• [PROBLEM TO SOLVE]: Pictures should be excluded; otherwise, copy every entry exactly.

[INPUT Boundary: Start]

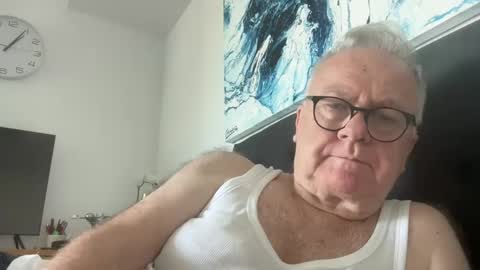 Snapshot of ozhairybearxxxx chatting on January 6, 2025, 2:04 am ozhairybearxxxx online show from January 6, 2025, 2:04 am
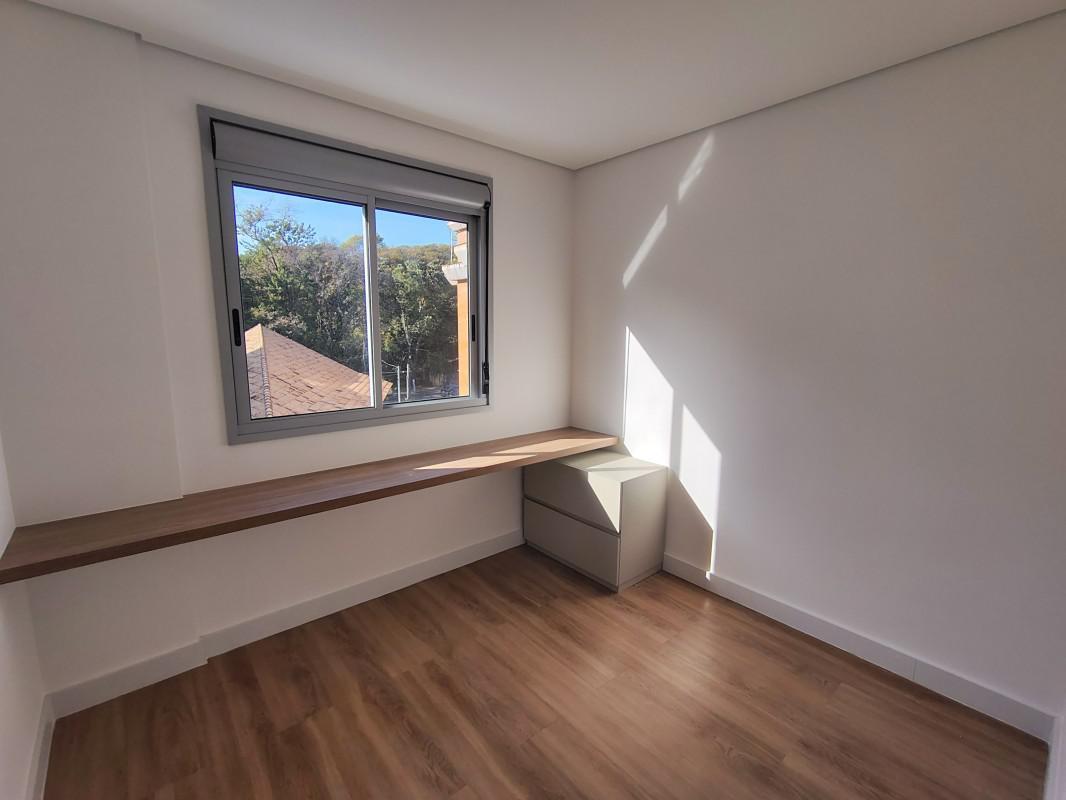 Apartamento, Sagrada Família, 3 Quartos, 2 Vagas, 1 Suíte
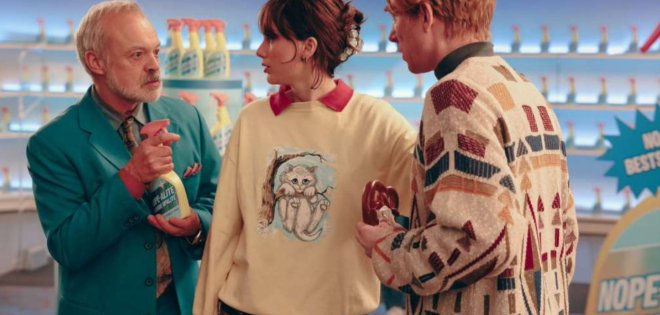 Η Taylor Swift δημοσίευσε το βίντεο «Opalite» με πρωταγωνιστή τον Graham Norton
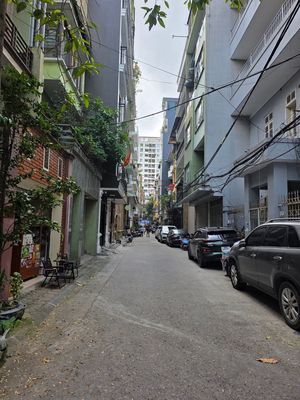 Nhà phố 52 m² · 11 PN · Phố Lạc Trung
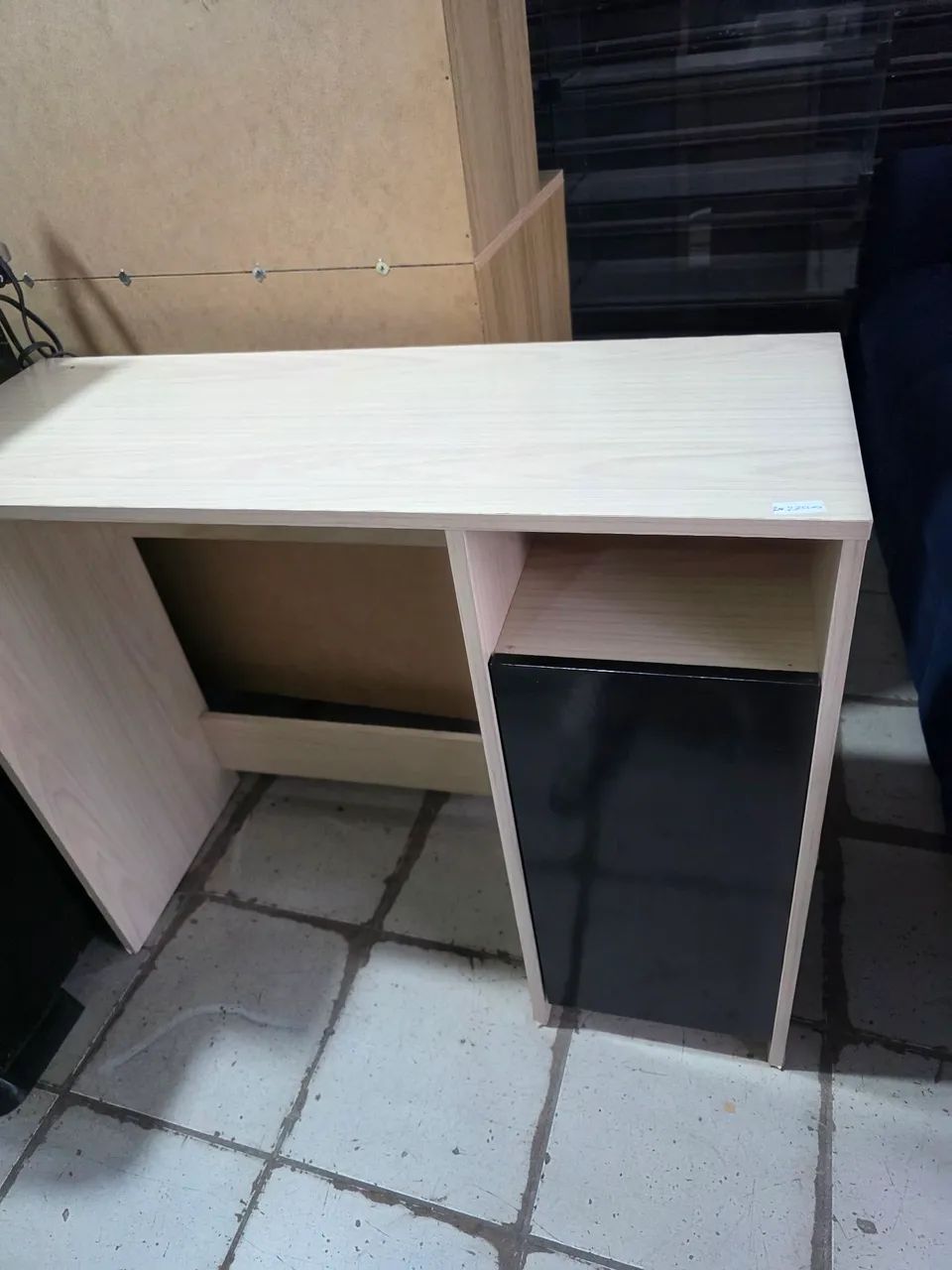 Ezcrivania semi nova  - Foto 3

[INPUT Boundary: End]

• [ANSWER]:
 Snapshot of ozhairybearxxxx chatting on January 6, 2025, 2:04 am ozhairybearxxxx online show from January 6, 2025, 2:04 am
 Apartamento, Sagrada Família, 3 Quartos, 2 Vagas, 1 Suíte
 Η Taylor Swift δημοσίευσε το βίντεο «Opalite» με πρωταγωνιστή τον Graham Norton
 Nhà phố 52 m² · 11 PN · Phố Lạc Trung
 Ezcrivania semi nova  - Foto 3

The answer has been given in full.